Der zur Abstimmung gestellte Vorschlag ist angenommen, wenn er die Mehrheit der gültigen Stimmen erhält und gleichzeitig eine Mindestzahl von Stimmberechtigten für diesen Vorschlag stimmt (“Zustimmungsquorum”). In Brandenburg und Sachsen liegt dieses Zustimmungsquorum bei 25 Prozent der Stimmberechtigten, in Thüringen ist es gestaffelt nach Gemeindegröße und zwischen 10 und 20 Prozent hoch. Wird das Zustimmungsquorum nicht erreicht, ist der Bürgerentscheid aus rechtlicher Sicht gescheitert.
Wichtig: Ein Bürgerentscheid ist nicht zu jeder Frage zulässig. Einige Themen sind ausgeschlossen. Über Themen, für die die Kommune nicht zuständig ist wie etwa Verteidigungspolitik kann ebenfalls nicht abgestimmt werden.

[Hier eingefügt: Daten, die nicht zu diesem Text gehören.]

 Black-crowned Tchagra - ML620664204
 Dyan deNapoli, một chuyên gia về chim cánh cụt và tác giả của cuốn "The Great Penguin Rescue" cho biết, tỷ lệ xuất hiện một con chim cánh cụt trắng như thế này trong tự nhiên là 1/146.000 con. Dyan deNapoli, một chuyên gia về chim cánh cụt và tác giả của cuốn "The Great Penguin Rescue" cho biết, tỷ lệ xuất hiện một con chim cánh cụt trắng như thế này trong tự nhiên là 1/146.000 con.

Du hast Fragen zu diesen Instrumenten der Mitsprache und Mitbestimmung? Mehr Demokratie e.V. hat sich seit viele Jahren auf direkte Demokratie, Beteiligung, Wahlrecht und Transparenz spezialisiert und kann Dir vielleicht weiterhelfen: https://www.mehr-demokratie.de/beratung/buergerbegehren. Bei weiteren Fragen rund um das Thema, konkaktiere uns doch gern unter [email protected]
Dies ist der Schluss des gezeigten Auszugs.